There was a guy in my school that looked EXACTLY like mac. His mouth moved but. Strange how we used to call him Mac and me, and not just mac. hmmm
 
On Gerry Ryan they gave a bus driver from the 90 (Heuston to Connolly I think) a free holiday for being so nice and singing to passengers etc. Apparently he's foreign which probably explains it, although on the 84; The baldy headed lad, The Cobra, Dessie (sometimes) and The peanut are fucking cool! But The Badger, The Gorilla and Gerry Ryan (lookalike) are fucking pricks.
__________________

i got that driver on the 90 before...stephen's day and i was going to heuston station.....he asked me why i was going and i told him i was going to meet my girlfriend who was on a train from galway..he smiled and told me i didnt have to pay and i told him he was a legend!!

has anyone ever had a driver on tallaght buses who looks like an old version of michael landon from i was a teenage werewolf?? hes a dickhead
 
There's a driver on the 77 that looks the spit of Tom Hanks.
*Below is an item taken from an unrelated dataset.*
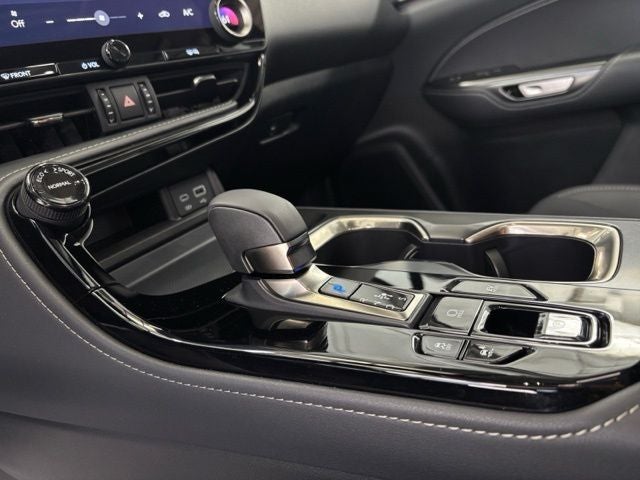 2025 Lexus NX 350h Premium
Where do I start with buses, provincial or dublin buses?

The funniest thing I heard was from a guy in Drogheda who was getting a bus to dublin. The bus was full and it wouldnt pick up passengers at stops so an old lady up the front gave out saying that they could stand. The bus driver pointed to a notic that said 'SEATED 52 STANDING 0' And told her that if the bus fell into a river the gaurds would only look for 52 people!!! What the fuck? Poor old lady probably has nighmares.

I once got a CIE bus to school from Kells to Navan and the schoolis on the Kells Rd in Navan if you know your geography. There's no stop there so if I didn't get off I'd have to walk from the town centre, be late and get a bollicking from the vice principal (can't remember his name but he looks like a baked spud)...So I asked the driver to let me off cos I was late and would get a bollicking and he said he wasn't allowed to stop but would slow down and let me hop out. He opened the door and slowed down, it looked pretty easy, and I jumped but when my feet hit the ground the bag on my back kept moving and I involuntarily ran across a grass verge and got a white fence across my weedy schoolboy chest. Did he stop? Did he fuck. Did I go to school that day? Did I fuck.

Another time on a bus to kells the driver overtook a car as a car came the other way he swerved and the bus rattled so much he had to pull over and turn the engine off. A woman complained and he laughed saying 'It was either him or us'

If you want to see monkeys running the zoo just visit the bus aras. Here they employ a guy to stand at gates and point at buses. he also holds up paper saying 'Newbridge' or 'Galway' at gates which unbeknownst to him have airport style neon signs doing what he does just better.

Although they couldn't organise a donkey ride on bettystown beach their failures can be used to your advantage. They can't manage the lost property room. A friend of mine left his discman on a bus and asked if one was handed in. He was brought down to a room beside the jacks full of everything left on a bus since public transport was introduced to Ireland. The guy told him to take a look and 'root' through a box. He picked up a sony minidisc!!. I've heard a few people have done the same with their phones.